What is needed: Go to the line with "Pantalón palazzo de" in the records below, then output it and each following line exactly, up to and including the line with "Close-up of woman". Skip pictures and add nothing.

Input data:
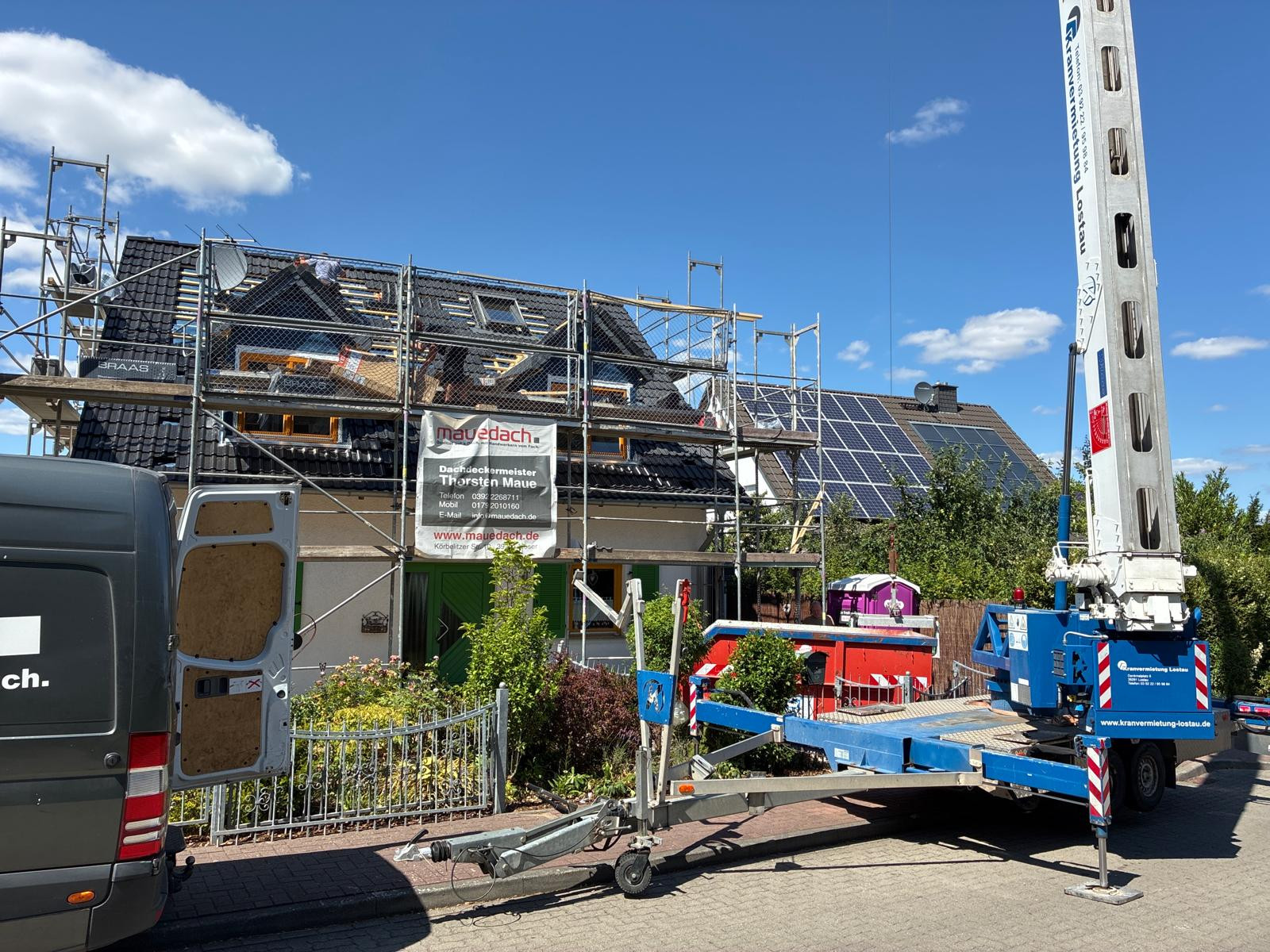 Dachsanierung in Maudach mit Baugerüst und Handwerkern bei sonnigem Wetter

* * *

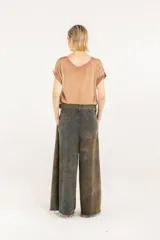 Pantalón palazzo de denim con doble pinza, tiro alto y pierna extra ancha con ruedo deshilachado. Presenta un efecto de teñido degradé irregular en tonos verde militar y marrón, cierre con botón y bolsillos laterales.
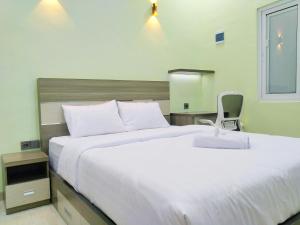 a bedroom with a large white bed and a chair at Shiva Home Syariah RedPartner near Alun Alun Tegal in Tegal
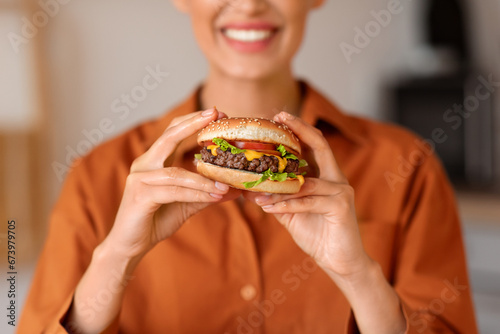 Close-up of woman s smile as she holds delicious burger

--

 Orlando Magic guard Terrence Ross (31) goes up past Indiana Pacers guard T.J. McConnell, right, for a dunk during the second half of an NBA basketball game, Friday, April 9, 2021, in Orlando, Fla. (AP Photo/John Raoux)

Written solution:
 Pantalón palazzo de denim con doble pinza, tiro alto y pierna extra ancha con ruedo deshilachado. Presenta un efecto de teñido degradé irregular en tonos verde militar y marrón, cierre con botón y bolsillos laterales.
 a bedroom with a large white bed and a chair at Shiva Home Syariah RedPartner near Alun Alun Tegal in Tegal
 Close-up of woman s smile as she holds delicious burger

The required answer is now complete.